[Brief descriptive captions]
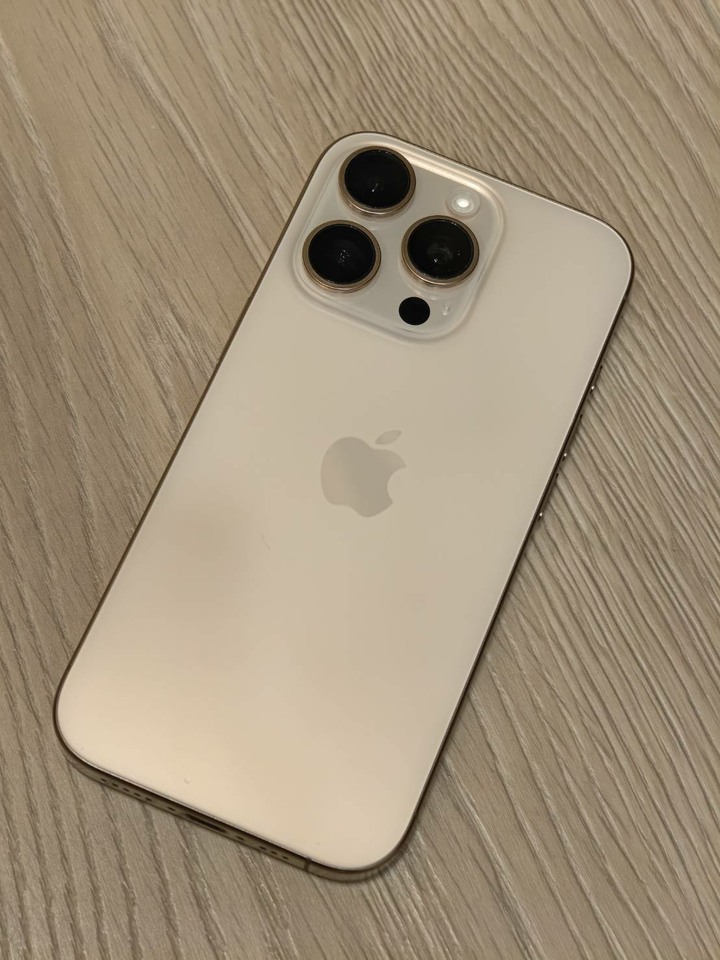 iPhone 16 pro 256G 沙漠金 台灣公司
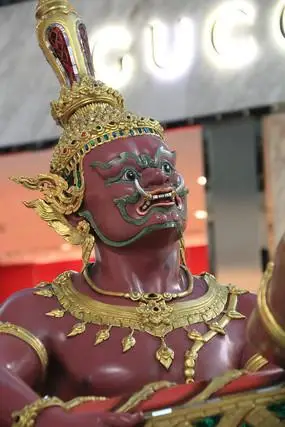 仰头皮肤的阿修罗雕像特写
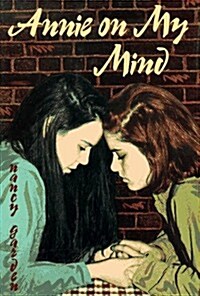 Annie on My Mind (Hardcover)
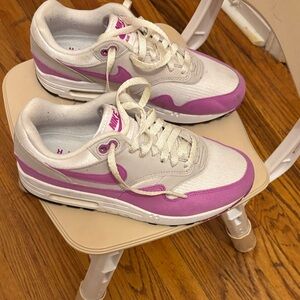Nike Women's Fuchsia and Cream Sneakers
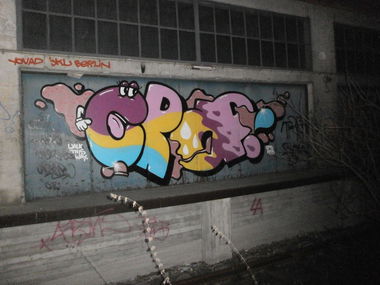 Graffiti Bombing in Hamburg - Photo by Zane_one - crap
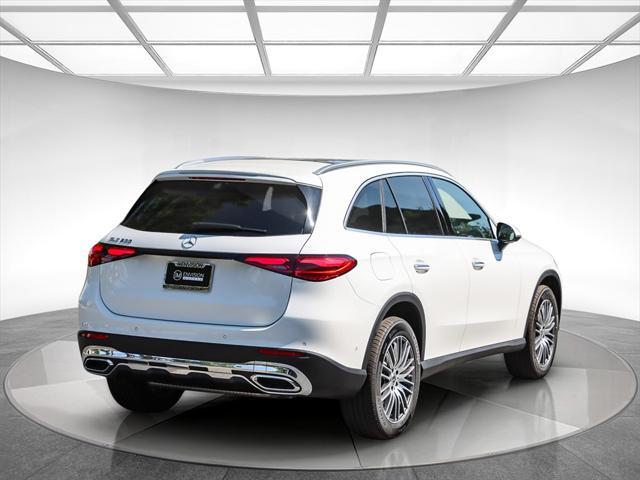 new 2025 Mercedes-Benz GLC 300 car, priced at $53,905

> **WORK REQUEST**: Find the line with "仰头皮肤的阿修罗雕像特写". Return it and each line after it through the end of the data, exactly, without pictures.

> **ANSWER BOX**:
 仰头皮肤的阿修罗雕像特写
 Annie on My Mind (Hardcover)
Nike Women's Fuchsia and Cream Sneakers
 Graffiti Bombing in Hamburg - Photo by Zane_one - crap
 new 2025 Mercedes-Benz GLC 300 car, priced at $53,905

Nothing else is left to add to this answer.